** Material for this exercise follows **

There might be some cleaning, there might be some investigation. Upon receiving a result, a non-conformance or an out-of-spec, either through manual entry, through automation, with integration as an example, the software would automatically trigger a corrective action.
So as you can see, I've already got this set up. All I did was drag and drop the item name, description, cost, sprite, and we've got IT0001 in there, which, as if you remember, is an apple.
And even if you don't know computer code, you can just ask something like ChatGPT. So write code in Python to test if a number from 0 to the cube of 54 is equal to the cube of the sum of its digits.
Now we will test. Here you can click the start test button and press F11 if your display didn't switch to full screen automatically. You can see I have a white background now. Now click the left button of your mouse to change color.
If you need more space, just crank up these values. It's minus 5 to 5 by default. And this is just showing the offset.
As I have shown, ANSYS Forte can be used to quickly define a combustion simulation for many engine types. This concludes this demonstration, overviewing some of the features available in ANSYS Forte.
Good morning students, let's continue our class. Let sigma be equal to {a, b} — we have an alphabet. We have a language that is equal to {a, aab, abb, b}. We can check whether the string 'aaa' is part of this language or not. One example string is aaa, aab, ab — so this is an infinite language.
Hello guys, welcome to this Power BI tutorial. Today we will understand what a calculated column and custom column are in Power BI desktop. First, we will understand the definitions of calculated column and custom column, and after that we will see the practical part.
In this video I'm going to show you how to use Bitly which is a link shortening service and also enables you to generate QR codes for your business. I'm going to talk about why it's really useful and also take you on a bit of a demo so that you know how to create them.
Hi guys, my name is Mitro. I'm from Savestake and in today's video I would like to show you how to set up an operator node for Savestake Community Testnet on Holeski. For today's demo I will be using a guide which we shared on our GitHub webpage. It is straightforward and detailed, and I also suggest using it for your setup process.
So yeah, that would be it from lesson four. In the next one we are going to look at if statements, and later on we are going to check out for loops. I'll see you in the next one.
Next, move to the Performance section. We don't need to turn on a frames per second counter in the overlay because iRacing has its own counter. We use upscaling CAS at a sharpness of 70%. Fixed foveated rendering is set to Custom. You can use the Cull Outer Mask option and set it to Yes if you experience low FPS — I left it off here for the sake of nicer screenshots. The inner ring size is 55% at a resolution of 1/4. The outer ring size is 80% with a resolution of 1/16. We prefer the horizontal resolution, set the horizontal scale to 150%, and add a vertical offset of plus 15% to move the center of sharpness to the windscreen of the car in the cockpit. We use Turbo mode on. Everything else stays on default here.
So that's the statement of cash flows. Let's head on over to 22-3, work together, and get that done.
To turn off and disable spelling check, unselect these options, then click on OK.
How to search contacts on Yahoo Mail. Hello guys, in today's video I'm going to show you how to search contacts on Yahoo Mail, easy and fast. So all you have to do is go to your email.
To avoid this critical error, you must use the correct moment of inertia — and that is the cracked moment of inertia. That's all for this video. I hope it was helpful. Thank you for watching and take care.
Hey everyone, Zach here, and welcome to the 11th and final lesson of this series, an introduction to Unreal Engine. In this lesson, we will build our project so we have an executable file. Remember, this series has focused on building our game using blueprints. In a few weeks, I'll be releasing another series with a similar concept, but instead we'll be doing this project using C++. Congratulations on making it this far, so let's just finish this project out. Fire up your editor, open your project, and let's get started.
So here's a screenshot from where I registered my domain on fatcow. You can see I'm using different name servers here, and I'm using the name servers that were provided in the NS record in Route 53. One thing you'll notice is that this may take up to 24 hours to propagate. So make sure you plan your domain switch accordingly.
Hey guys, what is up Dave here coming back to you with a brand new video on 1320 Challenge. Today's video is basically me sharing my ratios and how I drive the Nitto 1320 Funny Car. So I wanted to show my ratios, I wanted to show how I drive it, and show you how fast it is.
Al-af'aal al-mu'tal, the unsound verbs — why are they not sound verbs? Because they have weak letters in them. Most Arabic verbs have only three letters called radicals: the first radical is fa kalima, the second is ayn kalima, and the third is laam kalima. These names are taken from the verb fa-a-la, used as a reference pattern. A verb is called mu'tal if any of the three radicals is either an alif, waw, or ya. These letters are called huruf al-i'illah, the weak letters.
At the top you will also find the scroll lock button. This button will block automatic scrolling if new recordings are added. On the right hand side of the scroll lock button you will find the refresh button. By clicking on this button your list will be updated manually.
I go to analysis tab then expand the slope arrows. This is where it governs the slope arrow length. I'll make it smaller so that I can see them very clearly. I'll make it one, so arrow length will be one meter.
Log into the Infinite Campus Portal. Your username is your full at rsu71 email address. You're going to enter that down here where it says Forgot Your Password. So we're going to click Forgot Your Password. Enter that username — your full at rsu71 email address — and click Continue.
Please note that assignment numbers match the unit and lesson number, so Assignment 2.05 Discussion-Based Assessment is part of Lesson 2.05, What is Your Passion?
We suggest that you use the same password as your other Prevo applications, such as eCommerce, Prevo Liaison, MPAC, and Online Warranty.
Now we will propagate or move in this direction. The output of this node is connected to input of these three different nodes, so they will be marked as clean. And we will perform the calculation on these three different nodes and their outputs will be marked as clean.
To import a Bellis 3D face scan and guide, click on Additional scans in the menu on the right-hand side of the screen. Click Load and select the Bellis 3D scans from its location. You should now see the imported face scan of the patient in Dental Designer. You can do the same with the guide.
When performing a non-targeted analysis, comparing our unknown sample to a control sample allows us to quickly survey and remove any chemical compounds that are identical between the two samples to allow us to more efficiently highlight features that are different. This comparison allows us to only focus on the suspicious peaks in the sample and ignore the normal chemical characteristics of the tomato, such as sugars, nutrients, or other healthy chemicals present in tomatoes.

** End of Material for this exercise **

**What the task requires:**
Write out each line above that contains the word "only".

**Solution to the problem:**
Al-af'aal al-mu'tal, the unsound verbs — why are they not sound verbs? Because they have weak letters in them. Most Arabic verbs have only three letters called radicals: the first radical is fa kalima, the second is ayn kalima, and the third is laam kalima. These names are taken from the verb fa-a-la, used as a reference pattern. A verb is called mu'tal if any of the three radicals is either an alif, waw, or ya. These letters are called huruf al-i'illah, the weak letters.
When performing a non-targeted analysis, comparing our unknown sample to a control sample allows us to quickly survey and remove any chemical compounds that are identical between the two samples to allow us to more efficiently highlight features that are different. This comparison allows us to only focus on the suspicious peaks in the sample and ignore the normal chemical characteristics of the tomato, such as sugars, nutrients, or other healthy chemicals present in tomatoes.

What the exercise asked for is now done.